An excerpt from a Chicago Tribune article; full text can be found at:
Note: bold is mine (comments/questions follow).
A group of Chicago-area Roman Catholics dedicated to reforming its church is asking parishioners which leader they would like to see at the helm of the Chicago Archdiocese once Cardinal Francis George retires.
Members of Voice of the Faithful, an organization of progressive Catholics focused on church accountability, have set up two websites to solicit suggestions from people in the pews.
**Activists said the unprecedented undertaking fulfills centuries-old canon law that calls on the faithful to communicate their needs and weigh in on major decisions.
“The average layman does not realize his duty according to canon law to make needs known when it comes to selecting bishops,” said Mary Jean Cardwell, a parishioner at Sts. Faith, Hope and Charity Catholic Church in Winnetka and one of the initiative’s organizers. “Who knows better the needs of the community than I do? I’ve lived here for 43 years. … So many things have been done by our current cardinal, but there are things that have been left undone. It’s a very important endeavor that we’re doing.”**
However, the archdiocese has told parish priests that they are not allowed to advertise the public initiative in their parish bulletins. Although the cardinal supports the group’s goal of energizing people in the pews, the creation of a clearinghouse for communication taints the process, the church said.
“Voice of the Faithful is an independent group that has no standing in the Catholic Church,” said Colleen Dolan, a spokeswoman for the cardinal. “The idea of encouraging people to send thoughts and ideas to the nuncio (papal representative) is in canon law and is a very good idea. … There’s no reason why it has to go through a separate group to be filtered.”
Activists contend that they aren’t breaking the rules by proposing such a democratic approach. They point to Canon Law 212, which states: "Christ’s faithful are at liberty to make known their needs, especially their spiritual needs, and their wishes to the pastors of the Church."
The canon adds: “They have the right, indeed at times the duty, in keeping with their knowledge, competence and position, to manifest to the sacred pastors their views on matters which concern the good of the Church. They have the right also to make their views known to others of Christ’s faithful.”

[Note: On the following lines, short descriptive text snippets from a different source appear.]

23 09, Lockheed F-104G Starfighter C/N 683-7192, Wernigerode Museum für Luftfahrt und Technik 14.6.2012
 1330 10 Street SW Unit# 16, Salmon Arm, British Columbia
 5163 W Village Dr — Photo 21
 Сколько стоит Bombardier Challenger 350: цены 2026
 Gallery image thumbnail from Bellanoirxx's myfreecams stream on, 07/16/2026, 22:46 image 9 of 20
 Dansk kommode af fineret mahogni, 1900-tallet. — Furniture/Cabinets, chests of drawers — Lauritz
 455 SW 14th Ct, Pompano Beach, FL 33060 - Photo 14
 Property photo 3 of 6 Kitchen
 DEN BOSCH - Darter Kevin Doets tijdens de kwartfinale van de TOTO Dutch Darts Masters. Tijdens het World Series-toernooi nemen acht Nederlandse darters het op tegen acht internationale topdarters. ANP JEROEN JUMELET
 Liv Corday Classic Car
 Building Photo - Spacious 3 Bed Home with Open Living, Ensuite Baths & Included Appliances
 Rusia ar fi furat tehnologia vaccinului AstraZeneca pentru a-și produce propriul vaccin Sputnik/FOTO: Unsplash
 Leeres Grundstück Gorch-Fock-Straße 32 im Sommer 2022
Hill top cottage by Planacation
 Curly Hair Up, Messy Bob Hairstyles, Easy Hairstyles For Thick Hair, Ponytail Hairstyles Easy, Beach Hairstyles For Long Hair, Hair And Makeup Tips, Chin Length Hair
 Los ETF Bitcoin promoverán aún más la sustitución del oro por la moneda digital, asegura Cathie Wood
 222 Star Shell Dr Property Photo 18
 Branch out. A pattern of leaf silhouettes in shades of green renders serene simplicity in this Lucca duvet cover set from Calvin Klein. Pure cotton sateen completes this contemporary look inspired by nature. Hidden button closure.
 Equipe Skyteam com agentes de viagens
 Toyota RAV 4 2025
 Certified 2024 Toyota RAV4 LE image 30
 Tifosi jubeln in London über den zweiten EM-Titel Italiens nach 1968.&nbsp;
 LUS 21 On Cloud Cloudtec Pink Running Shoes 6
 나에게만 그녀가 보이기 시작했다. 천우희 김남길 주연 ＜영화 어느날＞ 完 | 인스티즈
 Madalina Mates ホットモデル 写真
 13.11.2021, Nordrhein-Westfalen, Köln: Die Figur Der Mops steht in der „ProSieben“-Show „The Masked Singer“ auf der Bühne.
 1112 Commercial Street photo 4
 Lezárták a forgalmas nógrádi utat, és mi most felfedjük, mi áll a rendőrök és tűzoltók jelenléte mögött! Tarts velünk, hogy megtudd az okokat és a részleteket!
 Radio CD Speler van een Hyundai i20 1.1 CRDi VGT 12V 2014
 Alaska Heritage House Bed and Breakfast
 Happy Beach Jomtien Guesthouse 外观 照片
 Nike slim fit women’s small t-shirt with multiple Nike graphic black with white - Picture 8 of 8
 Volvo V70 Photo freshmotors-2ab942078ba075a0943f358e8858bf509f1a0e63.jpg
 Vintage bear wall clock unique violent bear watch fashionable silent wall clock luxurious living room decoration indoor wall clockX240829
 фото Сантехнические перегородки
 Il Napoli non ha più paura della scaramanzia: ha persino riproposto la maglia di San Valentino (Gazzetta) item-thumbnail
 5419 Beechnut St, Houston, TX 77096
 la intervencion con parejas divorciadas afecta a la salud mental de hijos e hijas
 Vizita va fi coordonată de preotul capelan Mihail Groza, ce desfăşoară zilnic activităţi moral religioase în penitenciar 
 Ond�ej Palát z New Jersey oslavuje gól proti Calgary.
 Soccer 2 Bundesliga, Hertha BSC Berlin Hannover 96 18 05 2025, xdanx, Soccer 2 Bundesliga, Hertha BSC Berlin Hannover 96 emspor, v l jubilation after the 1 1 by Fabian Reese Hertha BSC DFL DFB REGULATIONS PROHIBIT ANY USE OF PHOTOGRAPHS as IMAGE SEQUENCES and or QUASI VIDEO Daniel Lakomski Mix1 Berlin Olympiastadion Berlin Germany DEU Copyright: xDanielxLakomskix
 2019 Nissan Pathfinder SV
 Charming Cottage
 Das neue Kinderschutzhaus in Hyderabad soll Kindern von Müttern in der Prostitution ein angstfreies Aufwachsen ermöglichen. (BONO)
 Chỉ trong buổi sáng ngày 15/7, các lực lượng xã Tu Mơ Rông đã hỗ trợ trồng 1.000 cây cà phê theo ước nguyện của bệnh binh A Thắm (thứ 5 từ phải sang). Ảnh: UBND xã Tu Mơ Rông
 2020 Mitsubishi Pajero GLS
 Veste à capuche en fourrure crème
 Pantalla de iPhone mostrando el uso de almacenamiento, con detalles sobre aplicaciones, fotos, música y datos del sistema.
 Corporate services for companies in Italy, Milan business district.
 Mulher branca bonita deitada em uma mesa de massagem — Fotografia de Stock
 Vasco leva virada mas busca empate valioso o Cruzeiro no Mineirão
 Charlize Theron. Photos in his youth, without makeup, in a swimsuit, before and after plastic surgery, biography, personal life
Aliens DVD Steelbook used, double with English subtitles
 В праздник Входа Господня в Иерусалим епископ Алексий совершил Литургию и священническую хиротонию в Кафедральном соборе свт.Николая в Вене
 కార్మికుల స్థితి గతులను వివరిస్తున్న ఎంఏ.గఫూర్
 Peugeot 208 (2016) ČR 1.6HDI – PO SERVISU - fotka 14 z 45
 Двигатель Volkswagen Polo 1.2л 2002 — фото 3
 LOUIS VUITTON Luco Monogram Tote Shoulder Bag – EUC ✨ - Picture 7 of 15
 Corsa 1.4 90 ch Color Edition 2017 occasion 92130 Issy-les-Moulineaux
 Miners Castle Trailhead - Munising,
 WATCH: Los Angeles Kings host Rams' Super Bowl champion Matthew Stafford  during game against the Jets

Activists cite church historians who wrote about bishop elections in the first millennium and the church’s creation of a more centralized internal process to keep emperors and other elites from hijacking the process for political gain.
“There’s been even more centralization by Rome over this process over the century,” said Paul Culhane, a retired political science professor at Northern Illinois University also leading the effort. “We want to inch it out just a little bit.”
Normally, prior to a bishop’s retirement, the apostolic nuncio, or U.S. papal ambassador in Washington, solicits suggestions from select parishioners. At a meeting with George in January, Cardwell, Culhane and another parishioner proposed casting a wider net with listening sessions, much like the system for assigning new parish pastors. They also proposed surveys of parishioners’ opinions.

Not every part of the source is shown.